Karsten T.
Hansen, James J. Heckman and Kathleen J. Mullen
Forthcoming in Journal of Econometrics
Note that AFQT component scores are
standardized to have within-sample mean 0, variance 1.
Rather than drop observations without information on parents’ education and family income, which would result in a loss of almost a quarter of our sample, we decided to impute values for the missing data. The imputation procedure was straightforward. For each variable with missing values (mother’s education, father’s education and family income):
(1) We ran an OLS regression of the nonmissing values on the following variables: dummy for southern residence at age 14, dummy for urban residence at age 14, dummy for broken home status at age 14, number of siblings, and year of birth dummies.
(2) We then used estimates from step 1 to compute predicted values for the missing data.
The program samples parameter values from an iterative Markov chain (see Appendix C in the paper) whose stationary distribution is the joint posterior distribution of the model parameters.

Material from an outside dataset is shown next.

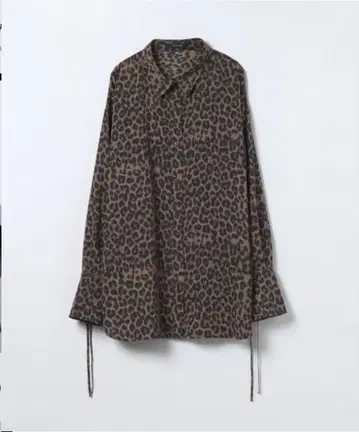 2WAY 커프스 실키 셔츠 [레오퍼레이드 패턴]
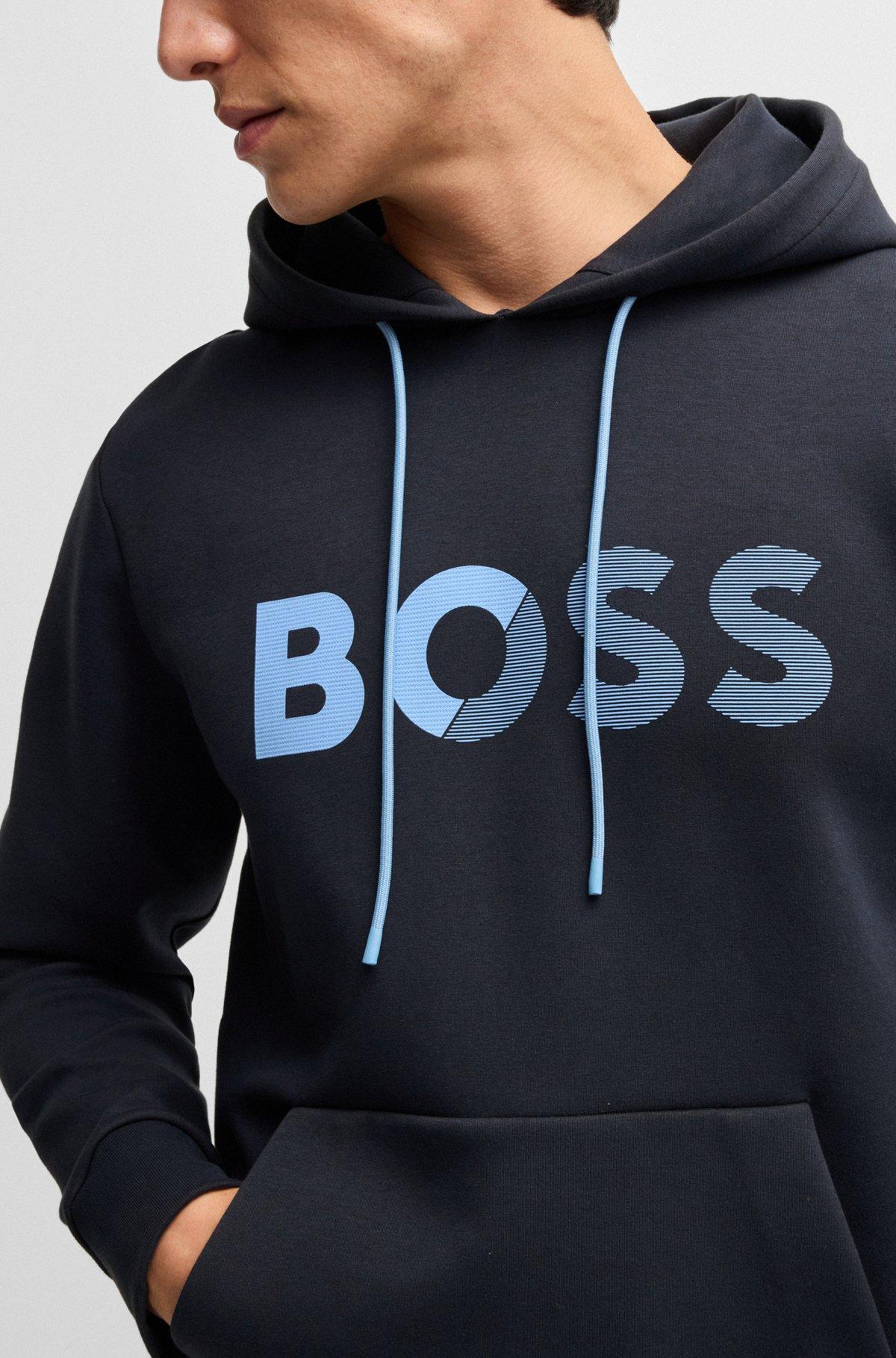 Regular-fit hoodie with logo print Product Image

The Fortran source code for the program can be downloaded here.
Note the data must be in a (tab or space) delimited text file with numerical values only.

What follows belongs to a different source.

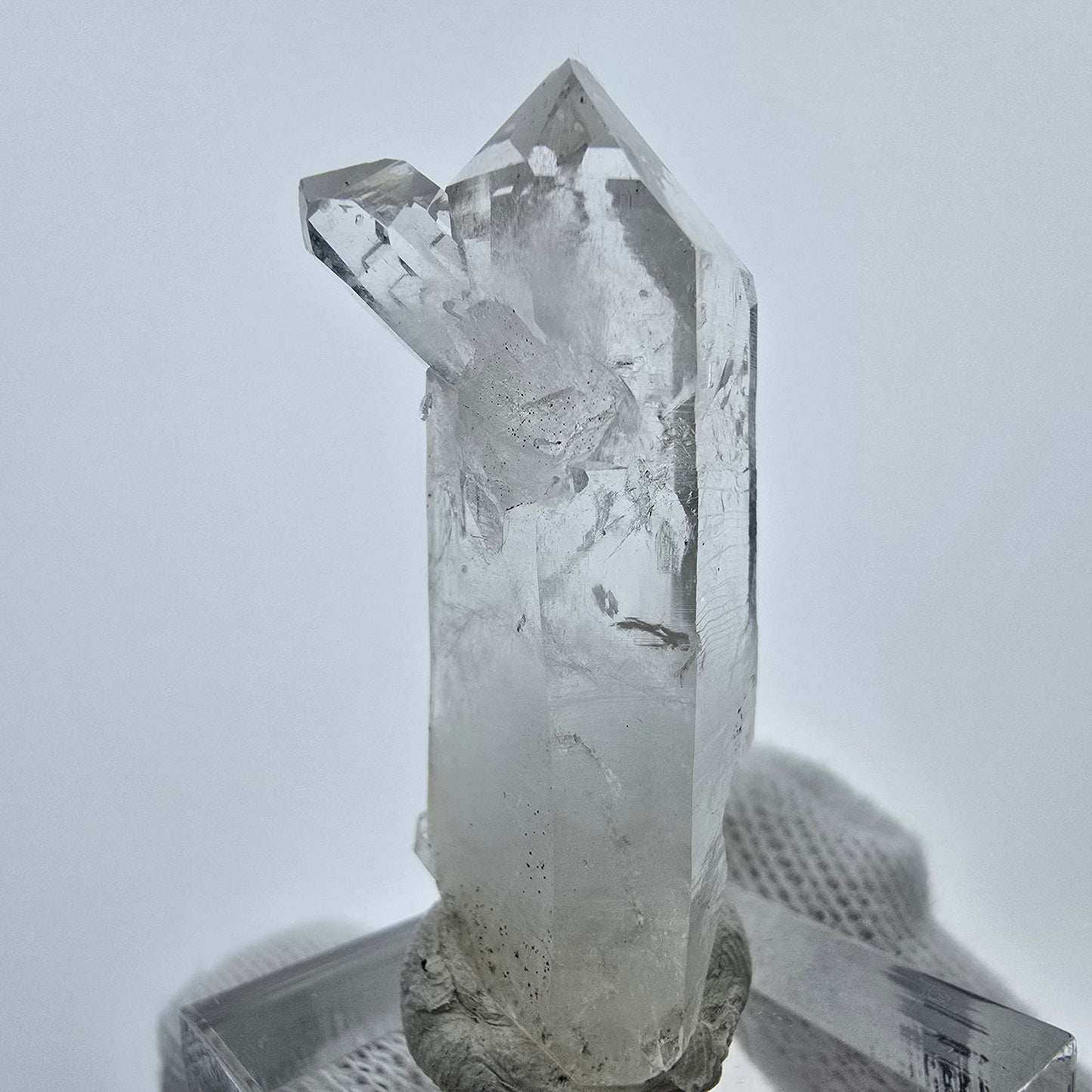 Enhydro Lemurian Phantom Quarz Spitzen Streep Mine Goboboseb, Namibia 42*19*15mm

C:\EXE_DIR\lfm_v4 C:\INPUT_DIR\input_file.txt n_draws n_burn n_skips
where
n_draws is number of draws from the Markov chain that will be recorded,
n_burn is the number of initial (burn-in) draws the program will discard, and
n_skips specifies that number of draws the program will skip.
For example:
C:\EXE_DIR\lfm_v4 C:\INPUT_DIR\input_file.txt 5000 10000 2
will instruct the program to sample 2*5000+10000=20,000 times from the Markov chain, discarding the first 10,000 draws and recording every other draw of the 10,000 sampled thereafter.
This program will estimate the joint posterior distribution of the parameters of the model. The estimates can then be used to produce, for example, the predicted AFQT distribution or conditional choice probabilities. Fortran and Matlab programs to produce the estimated posterior quantities discussed in the paper are available from the authors on request.